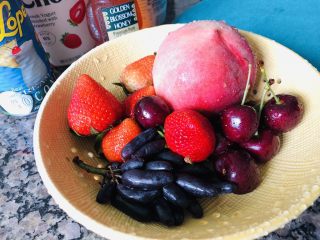 8、百味糯米糍,冷却糯米糕的同时可以准备水果了。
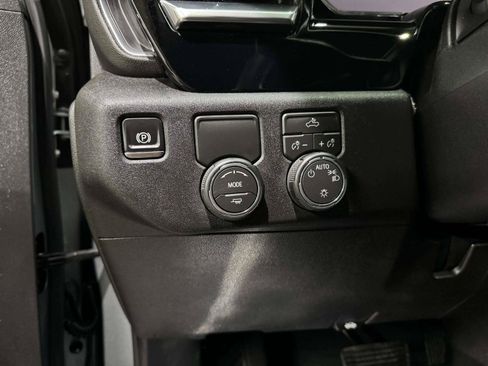 Used 2026 Chevrolet Silverado 1500 LT RWD image 27
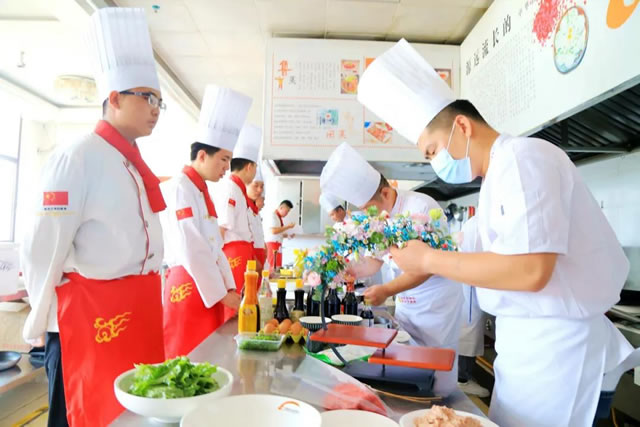 2021CHA中国美食烹饪锦标赛宁夏滩羊、宁夏枸杞美食专项赛在我校盛大开幕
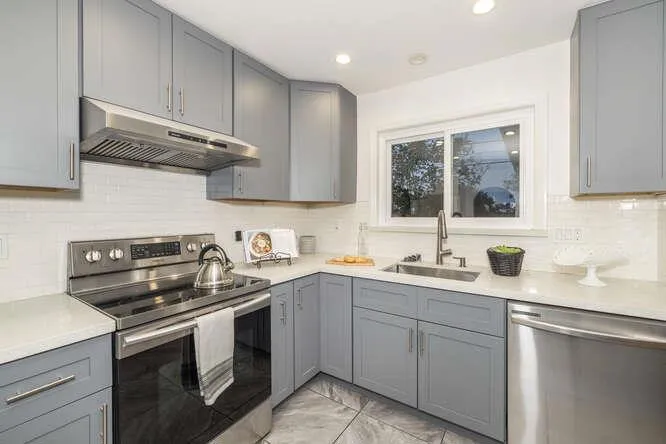 3253 Los Prados Street, San Mateo, California 94403
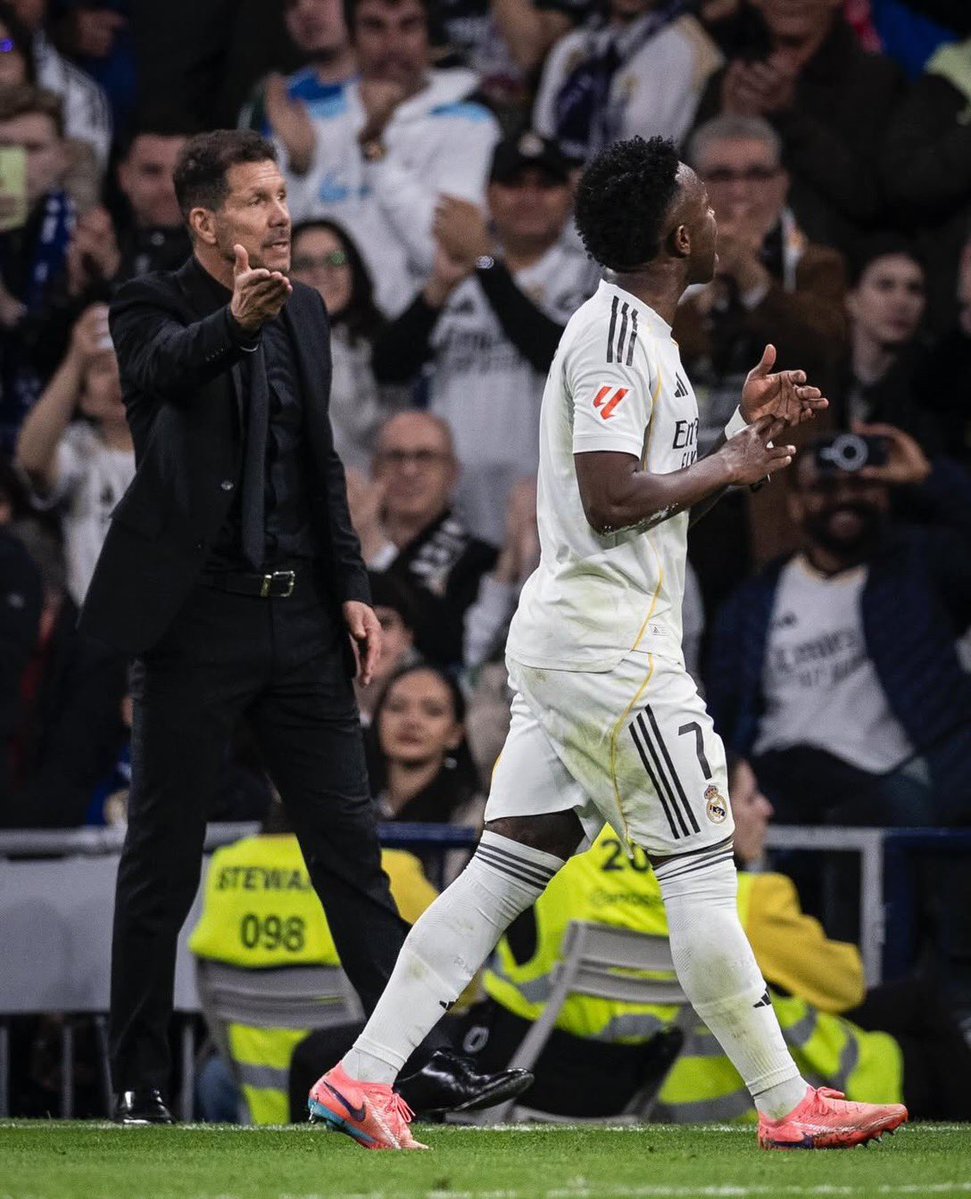 JNoudedo's tweet photo. ☑️🚨🔥 𝐋𝐄 𝐃𝐄𝐑𝐁𝐘 𝐃𝐄 𝐌𝐀𝐃𝐑𝐈𝐃 𝐄𝐒𝐓 𝐃𝐄 𝐑𝐄𝐓𝐎𝐔𝐑 ! 🇪🇸⚔️

𝐃𝐞𝐦𝐚𝐢𝐧, 𝐌𝐚𝐝𝐫𝐢𝐝 𝐬’𝐚𝐫𝐫ê𝐭𝐞. 🤍❤️

𝐋𝐞 𝐑𝐞𝐚𝐥 𝐌𝐚𝐝𝐫𝐢𝐝 𝐞𝐭 𝐥’𝐀𝐭𝐥é𝐭𝐢𝐜𝐨 𝐝𝐞 𝐌𝐚𝐝𝐫𝐢𝐝 𝐬𝐞 𝐫𝐞𝐭𝐫𝐨𝐮𝐯𝐞𝐧𝐭 𝐮𝐧𝐞 𝐧𝐨𝐮𝐯𝐞𝐥𝐥𝐞 𝐟𝐨𝐢𝐬 𝐩𝐨𝐮𝐫 𝐮𝐧 𝐝𝐮𝐞𝐥 𝐪𝐮𝐢 𝐩𝐫𝐨𝐦𝐞𝐭 𝐞𝐧𝐜𝐨𝐫𝐞 𝐝𝐞𝐬 é𝐭𝐢𝐧𝐜𝐞𝐥𝐥𝐞𝐬. 🔥
𝐇𝐢𝐬𝐭𝐨𝐫𝐢𝐪𝐮𝐞𝐦𝐞𝐧𝐭, 𝐥’𝐚𝐯𝐚𝐧𝐭𝐚𝐠𝐞 𝐫𝐞𝐬𝐭𝐞 𝐝𝐮 𝐜ô𝐭é 𝐝𝐮 𝐑𝐞𝐚𝐥 : 
⚪ 𝟏𝟐𝟓 𝐯𝐢𝐜𝐭𝐨𝐢𝐫𝐞𝐬 𝐩𝐨𝐮𝐫 𝐥𝐞 𝐑𝐞𝐚𝐥 𝐌𝐚𝐝𝐫𝐢𝐝 
🔴 𝟔𝟎 𝐯𝐢𝐜𝐭𝐨𝐢𝐫𝐞𝐬 𝐩𝐨𝐮𝐫 𝐥’𝐀𝐭𝐥é𝐭𝐢𝐜𝐨 𝐌𝐚𝐝𝐫𝐢𝐝 🤝 𝟓𝟖 𝐦𝐚𝐭𝐜𝐡𝐬 𝐧𝐮𝐥𝐬

𝐌𝐚𝐢𝐬 𝐬𝐮𝐫 𝐥𝐞𝐬 𝟏𝟏 𝐝𝐞𝐫𝐧𝐢è𝐫𝐞𝐬 𝐜𝐨𝐧𝐟𝐫𝐨𝐧𝐭𝐚𝐭𝐢𝐨𝐧𝐬, 𝐢𝐦𝐩𝐨𝐬𝐬𝐢𝐛𝐥𝐞 𝐝𝐞 𝐥𝐞𝐬 𝐝é𝐩𝐚𝐫𝐭𝐚𝐠𝐞𝐫 : 
⚪ 𝐑𝐞𝐚𝐥 𝐌𝐚𝐝𝐫𝐢𝐝 — 𝟑 𝐯𝐢𝐜𝐭𝐨𝐢𝐫𝐞𝐬 
🔴 𝐀𝐭𝐥é𝐭𝐢𝐜𝐨 𝐌𝐚𝐝𝐫𝐢𝐝 — 𝟑 𝐯𝐢𝐜𝐭𝐨𝐢𝐫𝐞𝐬 
🤝 𝟓 𝐧𝐮𝐥𝐬

𝐔𝐧𝐞 𝐫𝐢𝐯𝐚𝐥𝐢𝐭é 𝐡𝐢𝐬𝐭𝐨𝐫𝐢𝐪𝐮𝐞. 𝐃𝐞𝐮𝐱 𝐠é𝐚𝐧𝐭𝐬. 𝐔𝐧 𝐬𝐞𝐮𝐥 𝐝𝐞𝐫𝐛𝐲. 👀🔥

𝐃𝐞𝐦𝐚𝐢𝐧, 𝐮𝐧 𝐧𝐨𝐮𝐯𝐞𝐚𝐮 𝐜𝐡𝐚𝐩𝐢𝐭𝐫𝐞 𝐬’é𝐜𝐫𝐢𝐫𝐚 𝐝𝐚𝐧𝐬 𝐥’𝐡𝐢𝐬𝐭𝐨𝐢𝐫𝐞 𝐝𝐮 𝐃𝐞𝐫𝐛𝐲 𝐝𝐞 𝐌𝐚𝐝𝐫𝐢𝐝. ⚔️🏟️
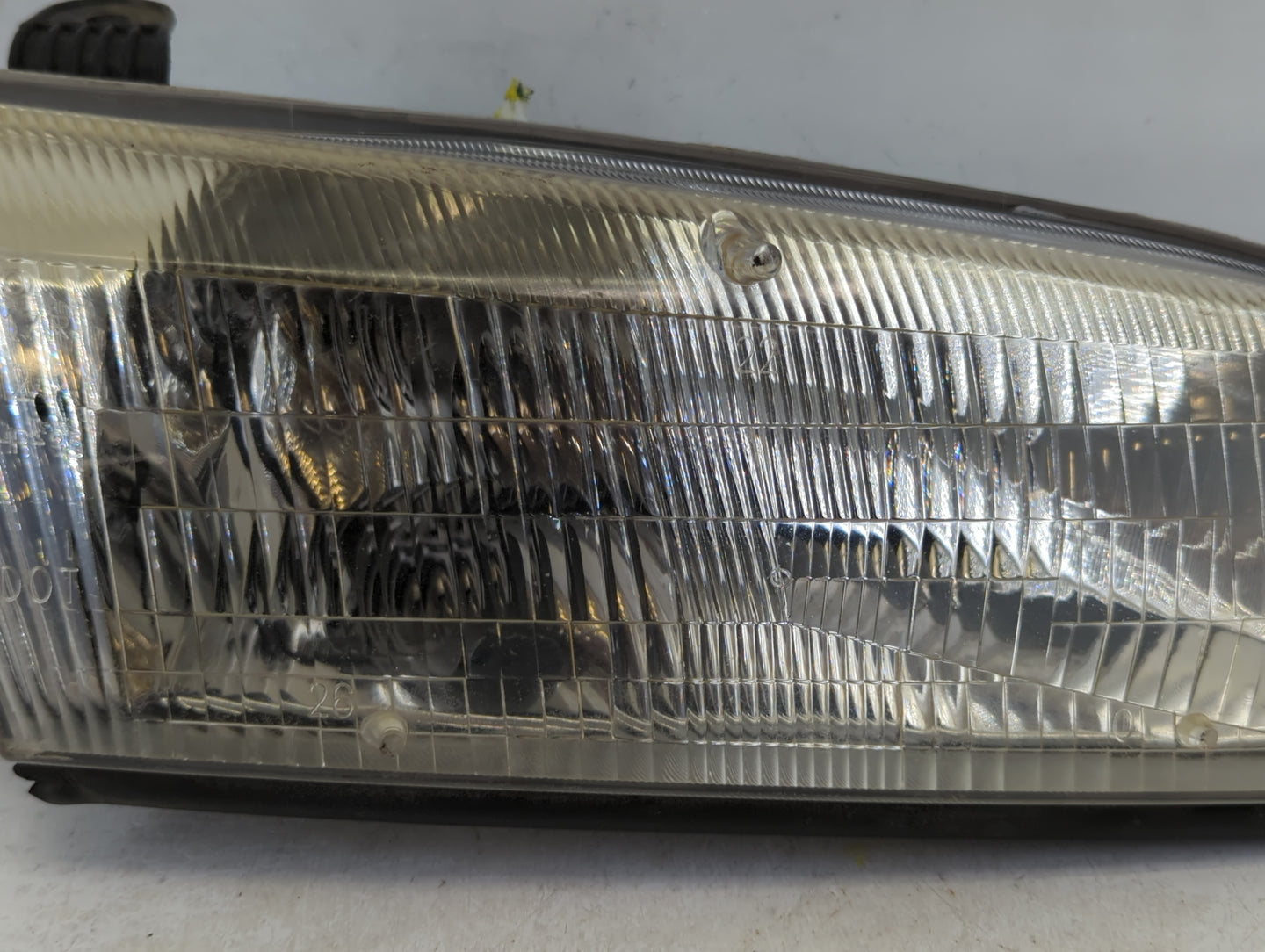 1994-1997 Toyota Corolla Passenger Right Oem Head Light Headlight Lamp - Oemusedautoparts1.com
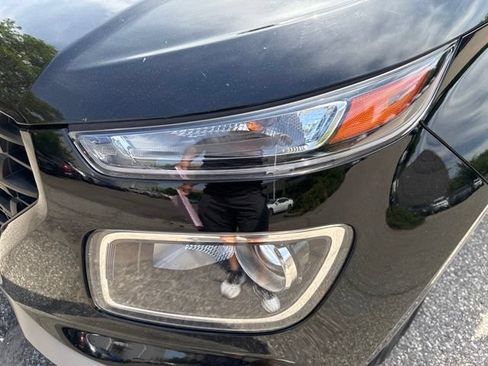 Used 2021 Hyundai Venue SE FWD image 29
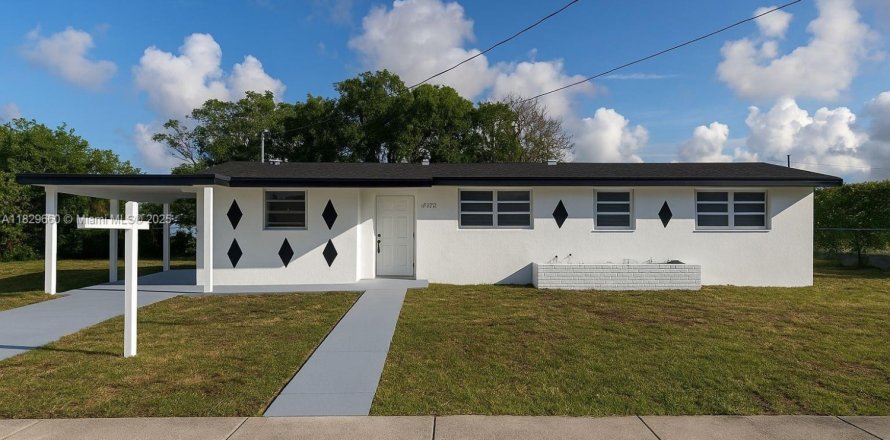 House in Miami Gardens, Florida 3 bedrooms, 120.4 sq.m. № 1802611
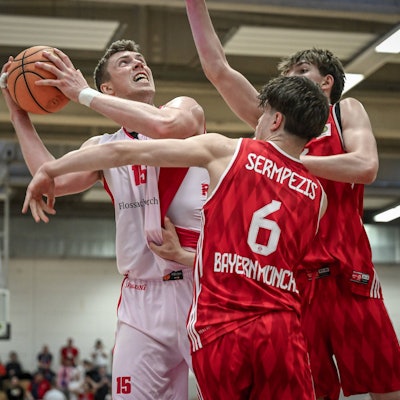 RECORD DATE NOT STATED Barmer 2. Basketball Bundesliga ProB: RheinStars Koeln vs. FC Bayern Basketball II, 15.03.2025 Björn Rohwer RheinStars Köln, 15, Nikolas Sermpezis FC Bayern Basketball II, 6, Barmer 2. Basketball Bundesliga ProB: RheinStars Koeln vs. FC Bayern Basketball II am 15.03.2025 im ASV Koeln in Koeln Nordrhein-Westfalen *** Barmer 2 Basketball Bundesliga ProB RheinStars Cologne vs FC Bayern Basketball II, 15 03 2025 Björn Rohwer RheinStars Cologne, 15 , Nikolas Sermpezis FC Bayern Basketball II, 6 , Barmer 2 Basketball Bundesliga ProB RheinStars Cologne vs FC Bayern Basketball II on 15 03 2025 at ASV Cologne in Cologne North Rhine-Westphalia Copyright: xBEAUTIFULxSPORTS/Mueller-Laschetx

+---+

### PROMPT
Look at the listing and set down only the lines from its start through the line with "𝟓𝟖 𝐦𝐚𝐭𝐜𝐡𝐬 𝐧𝐮𝐥𝐬", word for word and without pictures.

### OUTPUT OF THE TASK
 8、百味糯米糍,冷却糯米糕的同时可以准备水果了。
 Used 2026 Chevrolet Silverado 1500 LT RWD image 27
 2021CHA中国美食烹饪锦标赛宁夏滩羊、宁夏枸杞美食专项赛在我校盛大开幕
 3253 Los Prados Street, San Mateo, California 94403
 JNoudedo's tweet photo. ☑️🚨🔥 𝐋𝐄 𝐃𝐄𝐑𝐁𝐘 𝐃𝐄 𝐌𝐀𝐃𝐑𝐈𝐃 𝐄𝐒𝐓 𝐃𝐄 𝐑𝐄𝐓𝐎𝐔𝐑 ! 🇪🇸⚔️

𝐃𝐞𝐦𝐚𝐢𝐧, 𝐌𝐚𝐝𝐫𝐢𝐝 𝐬’𝐚𝐫𝐫ê𝐭𝐞. 🤍❤️

𝐋𝐞 𝐑𝐞𝐚𝐥 𝐌𝐚𝐝𝐫𝐢𝐝 𝐞𝐭 𝐥’𝐀𝐭𝐥é𝐭𝐢𝐜𝐨 𝐝𝐞 𝐌𝐚𝐝𝐫𝐢𝐝 𝐬𝐞 𝐫𝐞𝐭𝐫𝐨𝐮𝐯𝐞𝐧𝐭 𝐮𝐧𝐞 𝐧𝐨𝐮𝐯𝐞𝐥𝐥𝐞 𝐟𝐨𝐢𝐬 𝐩𝐨𝐮𝐫 𝐮𝐧 𝐝𝐮𝐞𝐥 𝐪𝐮𝐢 𝐩𝐫𝐨𝐦𝐞𝐭 𝐞𝐧𝐜𝐨𝐫𝐞 𝐝𝐞𝐬 é𝐭𝐢𝐧𝐜𝐞𝐥𝐥𝐞𝐬. 🔥
𝐇𝐢𝐬𝐭𝐨𝐫𝐢𝐪𝐮𝐞𝐦𝐞𝐧𝐭, 𝐥’𝐚𝐯𝐚𝐧𝐭𝐚𝐠𝐞 𝐫𝐞𝐬𝐭𝐞 𝐝𝐮 𝐜ô𝐭é 𝐝𝐮 𝐑𝐞𝐚𝐥 : 
⚪ 𝟏𝟐𝟓 𝐯𝐢𝐜𝐭𝐨𝐢𝐫𝐞𝐬 𝐩𝐨𝐮𝐫 𝐥𝐞 𝐑𝐞𝐚𝐥 𝐌𝐚𝐝𝐫𝐢𝐝 
🔴 𝟔𝟎 𝐯𝐢𝐜𝐭𝐨𝐢𝐫𝐞𝐬 𝐩𝐨𝐮𝐫 𝐥’𝐀𝐭𝐥é𝐭𝐢𝐜𝐨 𝐌𝐚𝐝𝐫𝐢𝐝 🤝 𝟓𝟖 𝐦𝐚𝐭𝐜𝐡𝐬 𝐧𝐮𝐥𝐬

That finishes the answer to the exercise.